■ Provided data:

----

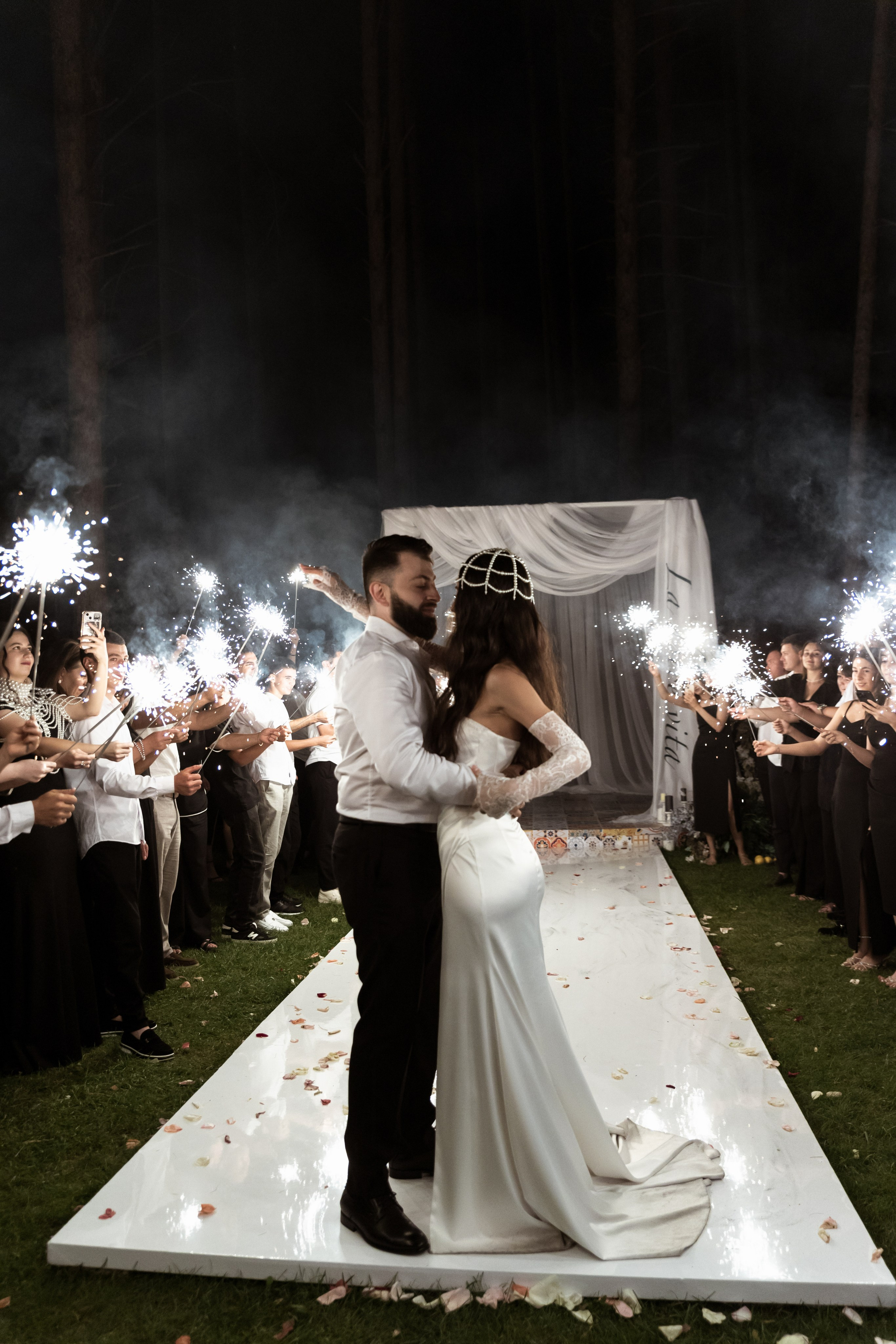 Владимир и Кнкуш. Свадебный фотограф в Самаре и СПБ Наталия Константинова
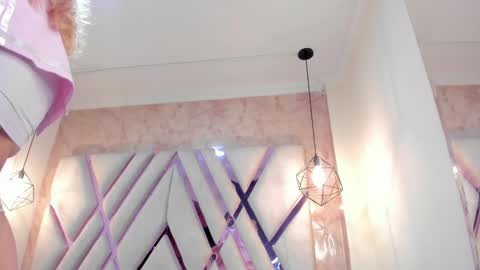 Amalia Im Back See you soon this January 7 at 10 pm Colombia time online show from January 28, 2:21 am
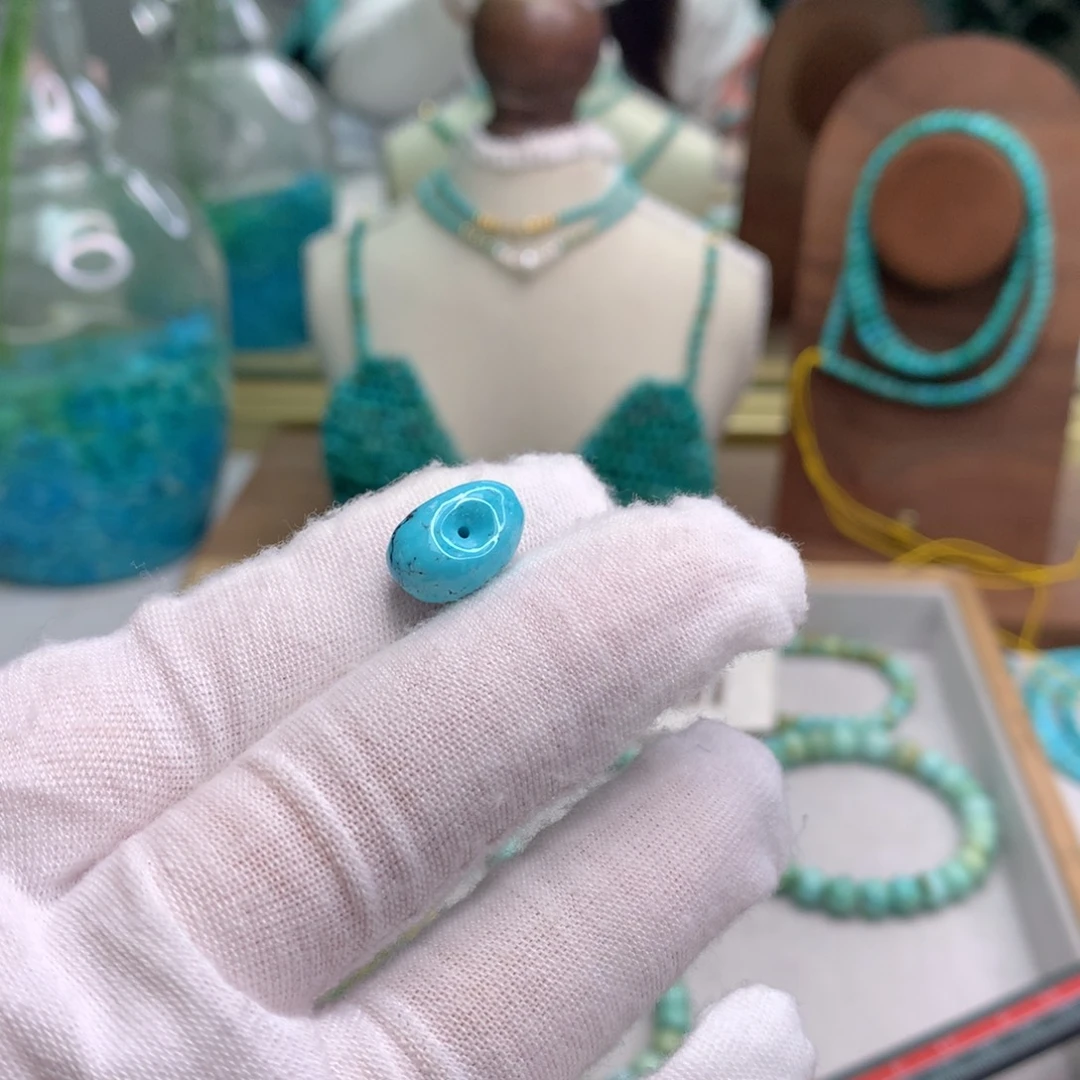 绿松石未镶嵌饰品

----

■ What is expected:
Set down exactly, line for line, the data from the line that contains "Amalia Im Back" through its last line, keeping pictures out.

■ Exercise response:
 Amalia Im Back See you soon this January 7 at 10 pm Colombia time online show from January 28, 2:21 am
 绿松石未镶嵌饰品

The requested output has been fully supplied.